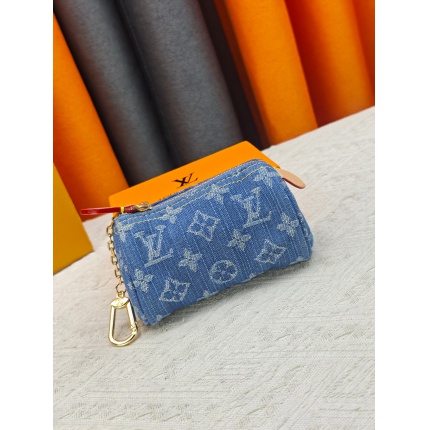 Louis Vuitton AAA Quality Wallets in 227027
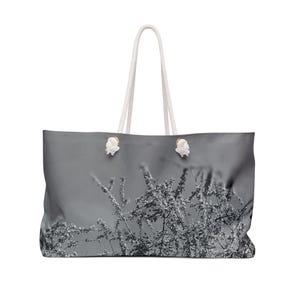 Elegante bolso de fin de semana: bolso de viaje, bolso de noche, bolso deportivo, bolso de fin de semana, diseño floral en blanco y negro.
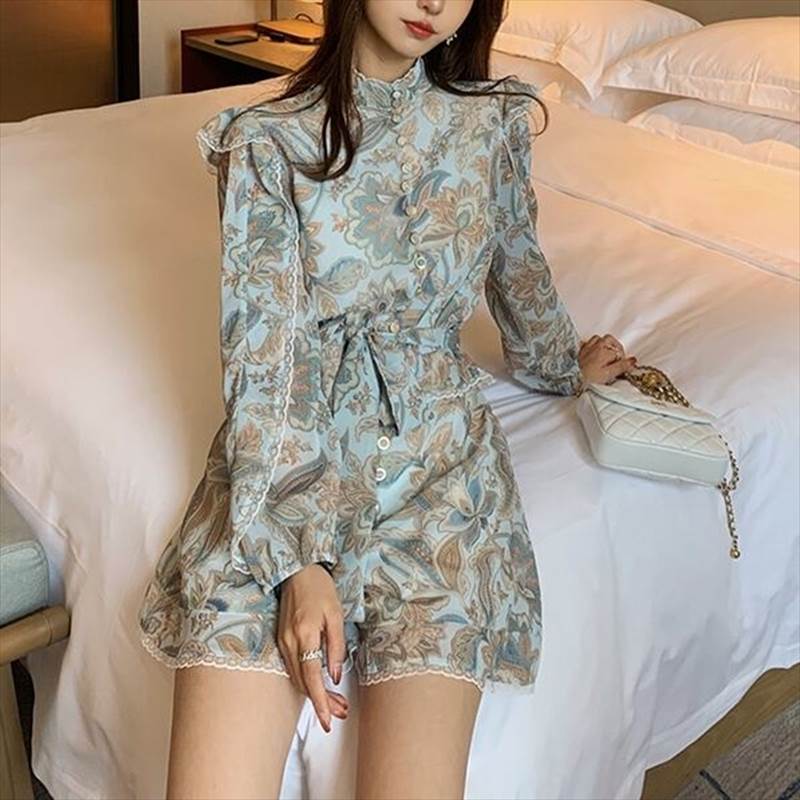 乐天商城 - ボタニカル柄シフォンオールインワン レディース ワンピース オールインワン パンツワンピ ショートパンツ ショート 膝上 長袖 ハイネック スタンドカラー セミフレア シフォン フリル 透け感 バイカラー かわいい 上品 おしゃれ エレガント ボタニカル シーズンレス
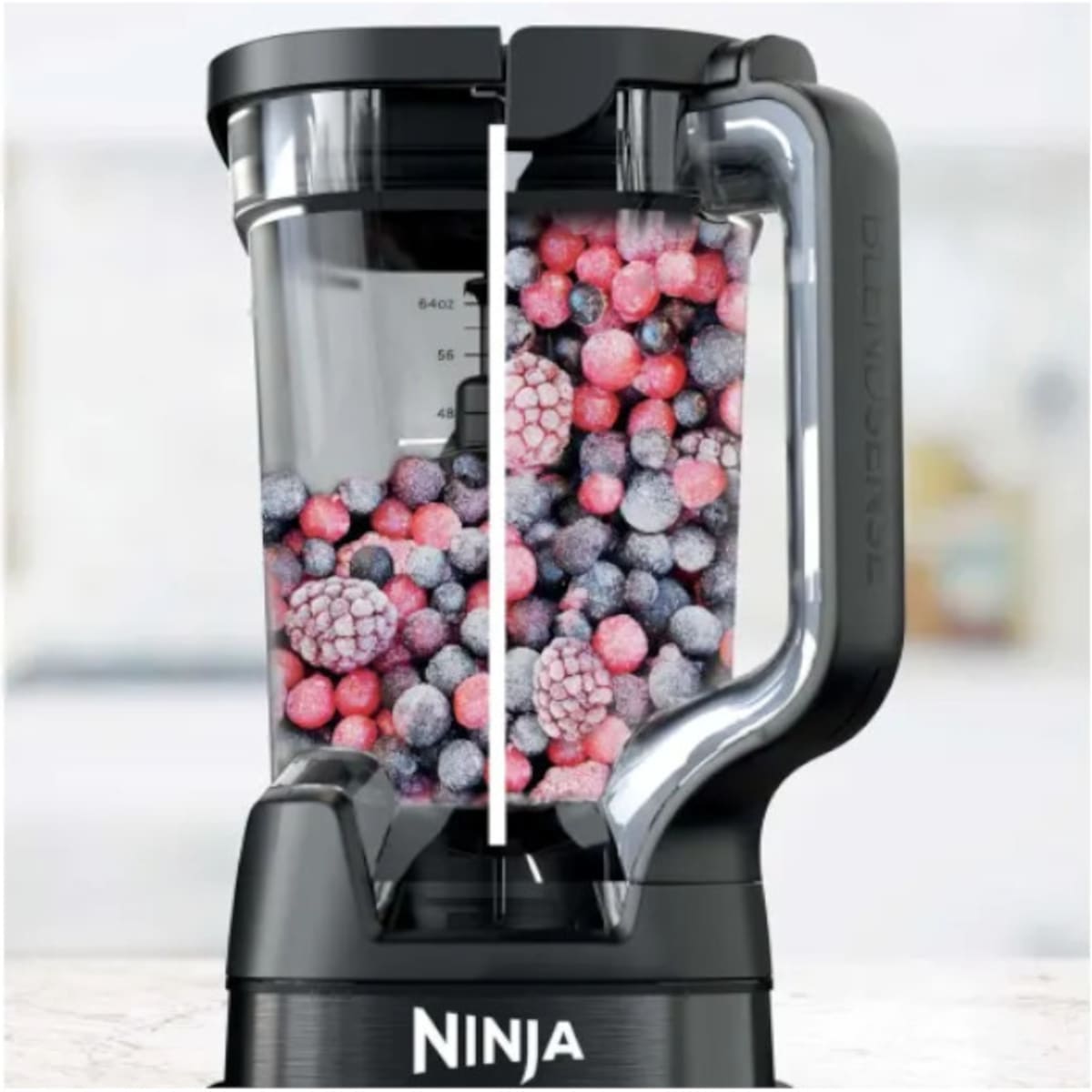 Press one button and this Ninja will slice up a smoothie (pictures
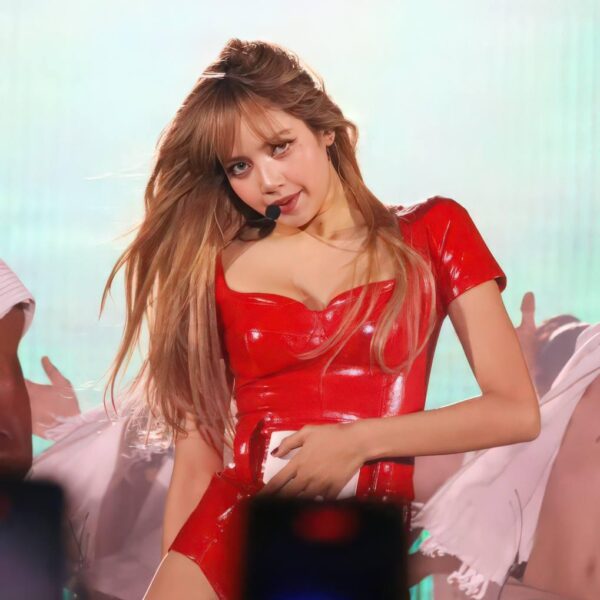 CORPORATE WHORE (Sex story of Lisa, in the caption)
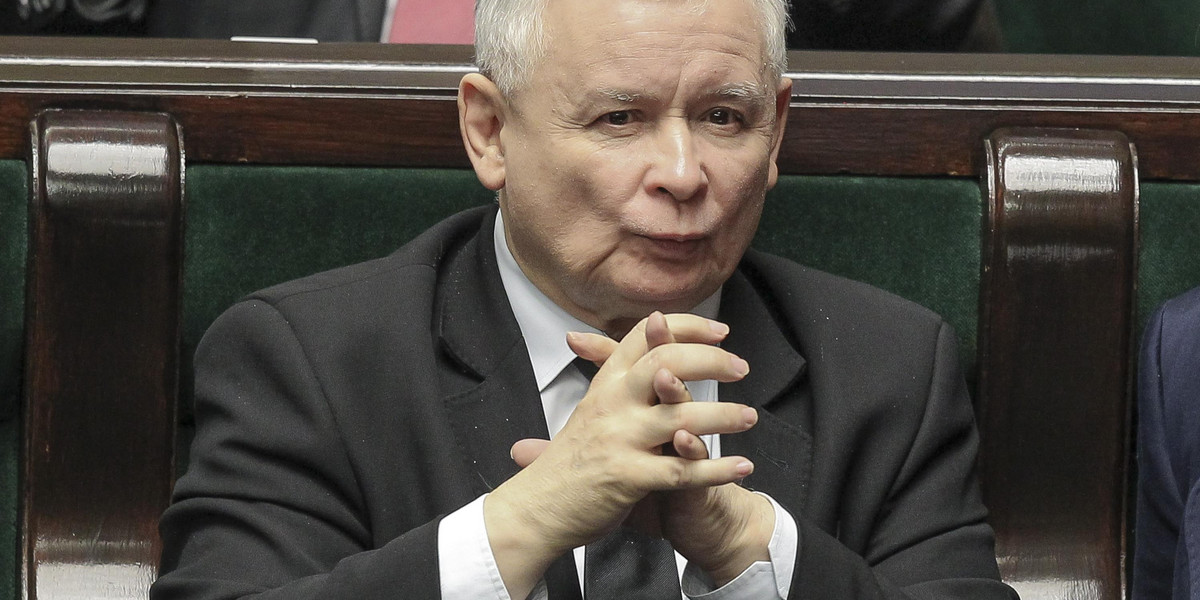 "NYT" o Kaczyńskim: zachowuje się jak klon Putina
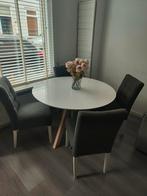 Eettafel met 4 stoelen van Wood, Ophalen, Gebruikt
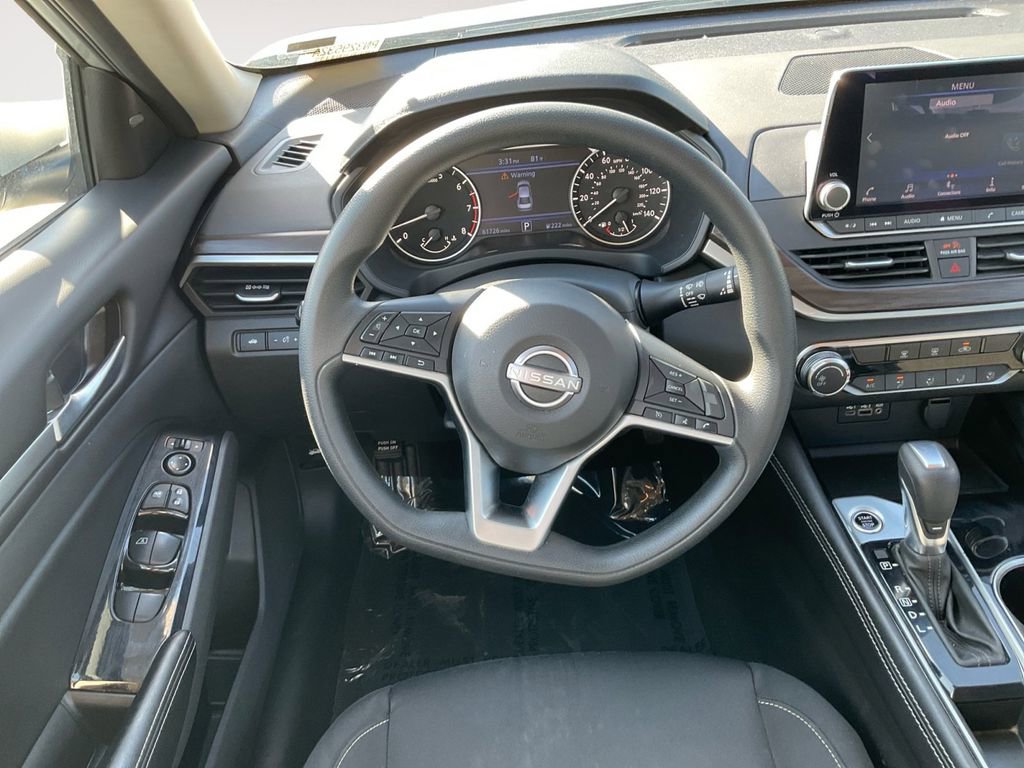 Used 2023 Nissan Altima 2.5 SV image 17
####
▶ _WHAT THIS TASK INVOLVES_:
With the pictures left out, please output each line from the one containing "乐天商城 - ボタニカル柄シフォンオールインワン" through the end of the entries, exactly as it is.

▶ _RESPONSE AREA_:
 乐天商城 - ボタニカル柄シフォンオールインワン レディース ワンピース オールインワン パンツワンピ ショートパンツ ショート 膝上 長袖 ハイネック スタンドカラー セミフレア シフォン フリル 透け感 バイカラー かわいい 上品 おしゃれ エレガント ボタニカル シーズンレス
 Press one button and this Ninja will slice up a smoothie (pictures
 CORPORATE WHORE (Sex story of Lisa, in the caption)
 "NYT" o Kaczyńskim: zachowuje się jak klon Putina
 Eettafel met 4 stoelen van Wood, Ophalen, Gebruikt
 Used 2023 Nissan Altima 2.5 SV image 17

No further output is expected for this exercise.